* _RECORDS SUPPLIED_:
- Opening Delimiter -

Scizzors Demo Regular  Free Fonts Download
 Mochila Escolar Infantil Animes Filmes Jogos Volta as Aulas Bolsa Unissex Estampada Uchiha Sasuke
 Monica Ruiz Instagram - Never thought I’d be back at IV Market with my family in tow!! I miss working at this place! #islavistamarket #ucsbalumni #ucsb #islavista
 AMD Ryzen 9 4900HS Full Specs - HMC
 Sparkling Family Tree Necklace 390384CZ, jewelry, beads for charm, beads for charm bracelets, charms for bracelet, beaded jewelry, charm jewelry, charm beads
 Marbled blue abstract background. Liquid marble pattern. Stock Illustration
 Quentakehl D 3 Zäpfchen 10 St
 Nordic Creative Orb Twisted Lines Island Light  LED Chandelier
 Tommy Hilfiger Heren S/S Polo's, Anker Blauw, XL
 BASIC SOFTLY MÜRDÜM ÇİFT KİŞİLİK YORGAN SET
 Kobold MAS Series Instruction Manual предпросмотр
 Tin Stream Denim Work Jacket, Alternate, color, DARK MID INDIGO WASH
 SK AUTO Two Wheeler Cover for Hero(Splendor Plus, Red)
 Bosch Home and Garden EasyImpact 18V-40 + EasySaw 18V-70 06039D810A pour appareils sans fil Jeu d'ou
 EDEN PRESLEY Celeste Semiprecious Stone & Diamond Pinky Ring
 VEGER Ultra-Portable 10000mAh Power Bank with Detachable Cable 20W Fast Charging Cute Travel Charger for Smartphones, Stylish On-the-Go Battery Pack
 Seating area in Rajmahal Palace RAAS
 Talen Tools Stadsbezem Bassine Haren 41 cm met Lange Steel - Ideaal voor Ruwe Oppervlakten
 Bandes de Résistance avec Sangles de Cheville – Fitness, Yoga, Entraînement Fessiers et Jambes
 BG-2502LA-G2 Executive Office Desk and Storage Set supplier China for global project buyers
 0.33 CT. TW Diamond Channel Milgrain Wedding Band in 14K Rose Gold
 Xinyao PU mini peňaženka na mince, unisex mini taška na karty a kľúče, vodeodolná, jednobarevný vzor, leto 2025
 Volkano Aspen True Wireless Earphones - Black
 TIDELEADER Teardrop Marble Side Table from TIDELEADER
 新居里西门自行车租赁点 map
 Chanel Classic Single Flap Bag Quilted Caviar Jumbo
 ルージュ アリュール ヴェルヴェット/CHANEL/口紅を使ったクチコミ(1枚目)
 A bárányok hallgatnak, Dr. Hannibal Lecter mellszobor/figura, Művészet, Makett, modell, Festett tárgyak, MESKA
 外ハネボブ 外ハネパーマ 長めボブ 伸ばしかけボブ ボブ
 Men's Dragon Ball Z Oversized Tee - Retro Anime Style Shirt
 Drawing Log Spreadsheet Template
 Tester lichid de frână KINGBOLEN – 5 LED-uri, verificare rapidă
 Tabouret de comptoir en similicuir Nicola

- Closing Delimiter -

* _WHAT IS BEING ASKED_: Every entry must be duplicated exactly as it stands.

* _SOLVED EXERCISE_:
Scizzors Demo Regular  Free Fonts Download
 Mochila Escolar Infantil Animes Filmes Jogos Volta as Aulas Bolsa Unissex Estampada Uchiha Sasuke
 Monica Ruiz Instagram - Never thought I’d be back at IV Market with my family in tow!! I miss working at this place! #islavistamarket #ucsbalumni #ucsb #islavista
 AMD Ryzen 9 4900HS Full Specs - HMC
 Sparkling Family Tree Necklace 390384CZ, jewelry, beads for charm, beads for charm bracelets, charms for bracelet, beaded jewelry, charm jewelry, charm beads
 Marbled blue abstract background. Liquid marble pattern. Stock Illustration
 Quentakehl D 3 Zäpfchen 10 St
 Nordic Creative Orb Twisted Lines Island Light  LED Chandelier
 Tommy Hilfiger Heren S/S Polo's, Anker Blauw, XL
 BASIC SOFTLY MÜRDÜM ÇİFT KİŞİLİK YORGAN SET
 Kobold MAS Series Instruction Manual предпросмотр
 Tin Stream Denim Work Jacket, Alternate, color, DARK MID INDIGO WASH
 SK AUTO Two Wheeler Cover for Hero(Splendor Plus, Red)
 Bosch Home and Garden EasyImpact 18V-40 + EasySaw 18V-70 06039D810A pour appareils sans fil Jeu d'ou
 EDEN PRESLEY Celeste Semiprecious Stone & Diamond Pinky Ring
 VEGER Ultra-Portable 10000mAh Power Bank with Detachable Cable 20W Fast Charging Cute Travel Charger for Smartphones, Stylish On-the-Go Battery Pack
 Seating area in Rajmahal Palace RAAS
 Talen Tools Stadsbezem Bassine Haren 41 cm met Lange Steel - Ideaal voor Ruwe Oppervlakten
 Bandes de Résistance avec Sangles de Cheville – Fitness, Yoga, Entraînement Fessiers et Jambes
 BG-2502LA-G2 Executive Office Desk and Storage Set supplier China for global project buyers
 0.33 CT. TW Diamond Channel Milgrain Wedding Band in 14K Rose Gold
 Xinyao PU mini peňaženka na mince, unisex mini taška na karty a kľúče, vodeodolná, jednobarevný vzor, leto 2025
 Volkano Aspen True Wireless Earphones - Black
 TIDELEADER Teardrop Marble Side Table from TIDELEADER
 新居里西门自行车租赁点 map
 Chanel Classic Single Flap Bag Quilted Caviar Jumbo
 ルージュ アリュール ヴェルヴェット/CHANEL/口紅を使ったクチコミ(1枚目)
 A bárányok hallgatnak, Dr. Hannibal Lecter mellszobor/figura, Művészet, Makett, modell, Festett tárgyak, MESKA
 外ハネボブ 外ハネパーマ 長めボブ 伸ばしかけボブ ボブ
 Men's Dragon Ball Z Oversized Tee - Retro Anime Style Shirt
 Drawing Log Spreadsheet Template
 Tester lichid de frână KINGBOLEN – 5 LED-uri, verificare rapidă
 Tabouret de comptoir en similicuir Nicola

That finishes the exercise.